* Dataset extract *

§ §

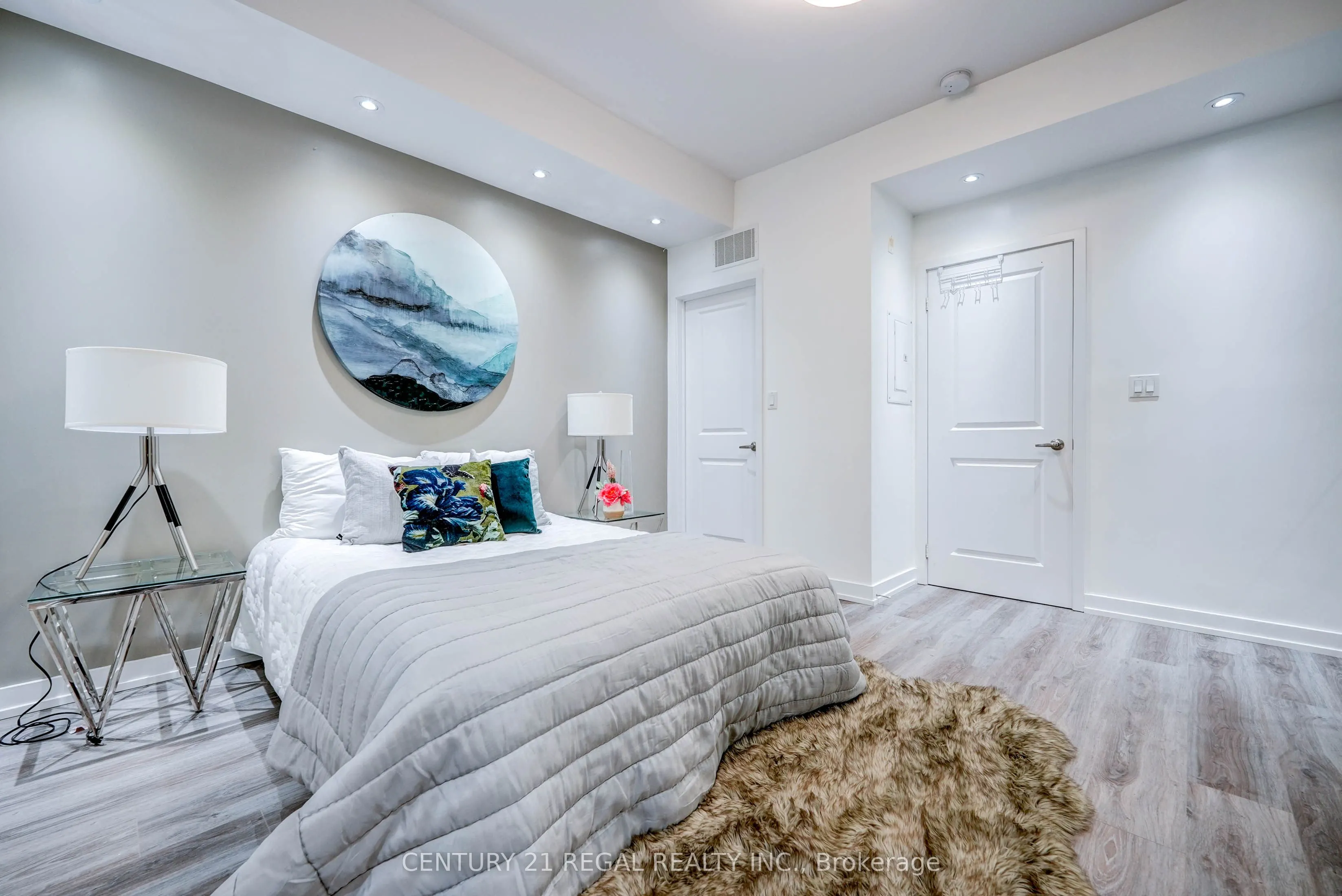 867 Wilson Avenue, #5B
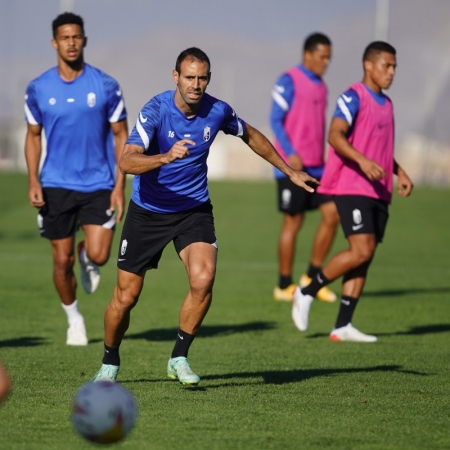 Imagen del entrenamiento en la Ciudad Deportiva (PEPE VILLOSLADA / GCF)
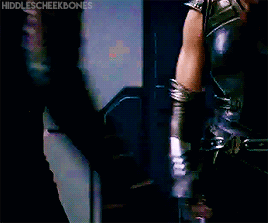 hiddlescheekbones:This is gonna be fun.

§ §

* Exercise *
Produce a word-for-word version of the material, with no pictures included.

* Solution below *
 867 Wilson Avenue, #5B
 Imagen del entrenamiento en la Ciudad Deportiva (PEPE VILLOSLADA / GCF)
 hiddlescheekbones:This is gonna be fun.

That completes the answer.